Banjirembun.com - Bagi investor rumah yang masih pemula sering kali belum tahu istilah-istilah teknis yang dipakai dalam pembelian rumah. Tak terkecuali tentang bagaimana status tahapan atau proses proyek pembangunan perumahaan yang diincar.
Sayangnya, amat jarang orang "dalam" yang mau menjelaskan tentang maksud dari ungkapan khas pengembang perumahan tersebut. Baik itu sales, agen properti, makelar, hingga sekelas manajer sekalipun.

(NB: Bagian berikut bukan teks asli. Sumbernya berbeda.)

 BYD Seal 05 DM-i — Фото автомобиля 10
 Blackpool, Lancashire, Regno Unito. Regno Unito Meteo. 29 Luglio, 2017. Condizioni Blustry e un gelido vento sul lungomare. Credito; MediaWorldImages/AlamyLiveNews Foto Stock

Selain karena tidak telaten, dianggap buang-buang waktu, serta memang dasarnya tak mau bagi-bagi ilmu ternyata menjelaskan detail istilah tertentu pada konsumen justru dianggap "bodoh" oleh mereka.
Para penjual rumah tersebut bakal menggunakan kesempatan atas ketidaktahuan dan minimnya wawasan calon pembeli sebagai cara mengeruk uang lebih banyak. Ada saja siasat yang digunakan.
Baca juga: Perilaku Pihak Penjual, Sales, dan Broker Jual Beli Properti yang Patut Diwaspadai
Meski para "perantara" developer di atas tidak menipu secara vulgar, faktanya tetap merugikan. Di mana, seharusnya dengan uang 225 juta pembeli sudah mempunyai rumah yang diincar tapi nyatanya mesti merogoh lebih dalam lagi.
Sebagai salah satu upaya agar terhindar penipuan berikut ini istilah dari developer perumahan tentang status proses pembangunan rumah yang harus dipahami:
1. Inden
Beli secara inden pada developer perumahan adalah membeli rumah dengan cara memesan dan membayar dulu baik hanya dengan uang muka, mencicil, maupun lunas. Pemesanan dilakukan karena wujud rumah yang dijual memang tidak ada.
Pada tahap lebih dini, terdapat pengembang yang sudah berani jual rumah. Padahal, bidang tanah calon lokasi perumahan masih belum rata sehingga memerlukan alat berat untuk menatanya. Butuh waktu satu atau dua tahun lagi agar rumah siap ditempati.
Prinsip beli rumah secara inden mirip dengan beli inden sepeda motor dan mobil. Barangnya belum ada (tak di tangan penjual) dan mungkin juga belum dibuat, dirakit, atau diproduksi. Kadang tanpa jaminan pasti kapan barang bisa diterima pembeli.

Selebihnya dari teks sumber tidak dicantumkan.